在ItelliJ上运行时,我遇到了一些例外:线程中的异常" main" org.apache.spark.SparkException:任务不可序列化 代码段:
`
public class MostPopularSuperHero {
public static void main(String args[]) {
SparkConf conf = new SparkConf().setAppName("MostPopularSuperHero").setMaster("local[*]");
JavaSparkContext sc = new JavaSparkContext(conf);
class HrDict {
Map<Integer, String> getHeroDict() {
Map<Integer, String> heroDict = new HashMap<>();
BufferedReader br = null;
try {
String sCurrentLine;
br = new BufferedReader(new FileReader("/Users/11130/udemy/SparkCourse/Marvel-Names.txt"));
while ((sCurrentLine = br.readLine()) != null) {
String str = sCurrentLine;
String[] fields = str.split(" ", 2);
heroDict.put(Integer.parseInt(fields[0]), fields[1]);
}
} catch (IOException e) {
e.printStackTrace();
}
return heroDict;
}
}
class DummyComparator implements Comparator<Tuple2<Integer, String> > {
@Override
public int compare(Tuple2<Integer, String> o1, Tuple2<Integer, String> o2) {
return Integer.compare(o1._1(), o2._1());
}
}
Broadcast<Map<Integer, String> > heroDict = sc.broadcast(new HrDict().getHeroDict());
JavaRDD<String> lines = sc.textFile("/Users/11130/udemy/SparkCourse/Marvel-Graph.txt");
JavaPairRDD<Integer, Integer> countOfOccurences = lines.mapToPair(
s -> {
String[] heroes = s.split(" ");
return new Tuple2<>(Integer.parseInt(heroes[0]), heroes.length - 1);
}
).reduceByKey(
(x, y) -> x + y
);
JavaPairRDD<Integer, String> flippedCountOfOccurences = countOfOccurences.mapToPair(
s -> new Tuple2<>(s._2(), heroDict.getValue().get(s._1()))
);
Tuple2<Integer, String> result = flippedCountOfOccurences.max(new DummyComparator());
System.out.println("The most populat superhero is " + result._2() + " with " + result._1() + " number of occurences");
}}
`
错误堆栈跟踪:
Exception in thread "main" org.apache.spark.SparkException: Task not serializable
at org.apache.spark.util.ClosureCleaner$.ensureSerializable(ClosureCleaner.scala:304)

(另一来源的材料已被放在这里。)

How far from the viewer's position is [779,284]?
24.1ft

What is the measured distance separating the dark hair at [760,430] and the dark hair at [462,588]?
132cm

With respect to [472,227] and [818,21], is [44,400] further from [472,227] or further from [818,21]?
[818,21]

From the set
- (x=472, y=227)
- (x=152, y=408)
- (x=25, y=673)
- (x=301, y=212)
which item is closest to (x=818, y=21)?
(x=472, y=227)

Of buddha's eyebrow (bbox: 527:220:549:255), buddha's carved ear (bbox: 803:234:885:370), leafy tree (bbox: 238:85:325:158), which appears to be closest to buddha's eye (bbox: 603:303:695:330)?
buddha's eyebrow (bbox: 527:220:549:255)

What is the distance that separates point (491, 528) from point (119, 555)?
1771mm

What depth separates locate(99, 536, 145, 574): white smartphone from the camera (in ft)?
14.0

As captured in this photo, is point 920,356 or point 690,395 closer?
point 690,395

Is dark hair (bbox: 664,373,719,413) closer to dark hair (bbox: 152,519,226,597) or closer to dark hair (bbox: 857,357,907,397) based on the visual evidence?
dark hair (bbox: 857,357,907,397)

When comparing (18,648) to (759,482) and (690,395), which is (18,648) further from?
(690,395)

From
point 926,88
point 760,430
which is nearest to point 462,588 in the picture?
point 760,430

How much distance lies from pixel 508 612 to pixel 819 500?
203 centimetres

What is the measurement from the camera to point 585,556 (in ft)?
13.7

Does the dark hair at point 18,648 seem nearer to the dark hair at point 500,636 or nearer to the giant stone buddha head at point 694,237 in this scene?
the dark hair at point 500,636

at org.apache.spark.util.ClosureCleaner$.org$apache$spark$util$ClosureCleaner$$clean(ClosureCleaner.scala:294)
at org.apache.spark.util.ClosureCleaner$.clean(ClosureCleaner.scala:122)
at org.apache.spark.SparkContext.clean(SparkContext.scala:2055)

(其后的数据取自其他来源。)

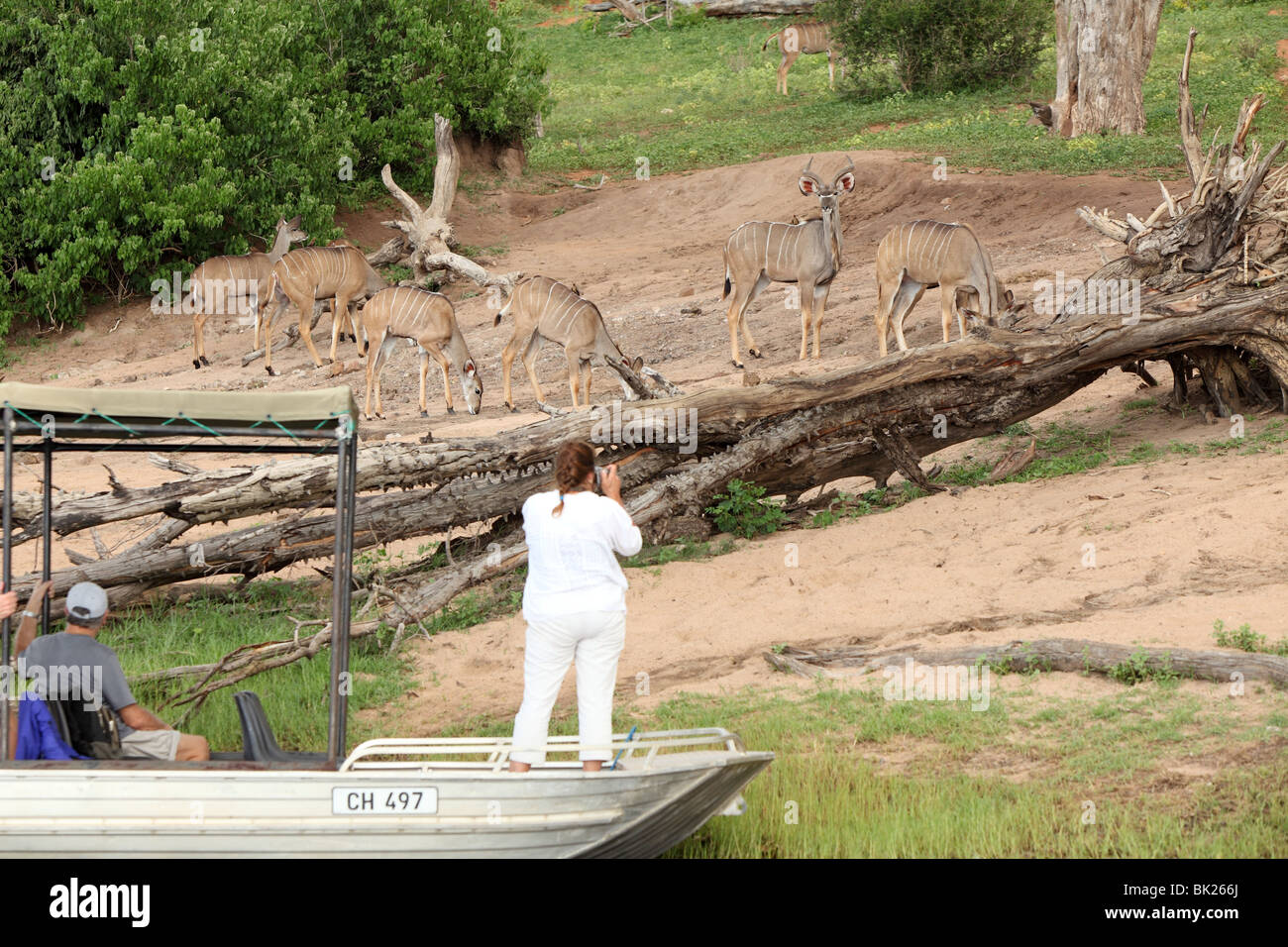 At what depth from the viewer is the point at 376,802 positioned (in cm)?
588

at org.apache.spark.rdd.RDD$$anonfun$reduce$1.apply(RDD.scala:1008)
at org.apache.spark.rdd.RDDOperationScope$.withScope(RDDOperationScope.scala:150)
at org.apache.spark.rdd.RDDOperationScope$.withScope(RDDOperationScope.scala:111)
at org.apache.spark.rdd.RDD.withScope(RDD.scala:316)
at org.apache.spark.rdd.RDD.reduce(RDD.scala:1007)
at org.apache.spark.rdd.RDD$$anonfun$max$1.apply(RDD.scala:1396)
at org.apache.spark.rdd.RDDOperationScope$.withScope(RDDOperationScope.scala:150)
at org.apache.spark.rdd.RDDOperationScope$.withScope(RDDOperationScope.scala:111)
at org.apache.spark.rdd.RDD.withScope(RDD.scala:316)
at org.apache.spark.rdd.RDD.max(RDD.scala:1395)
at org.apache.spark.api.java.JavaRDDLike$class.max(JavaRDDLike.scala:602)
at org.apache.spark.api.java.AbstractJavaRDDLike.max(JavaRDDLike.scala:46)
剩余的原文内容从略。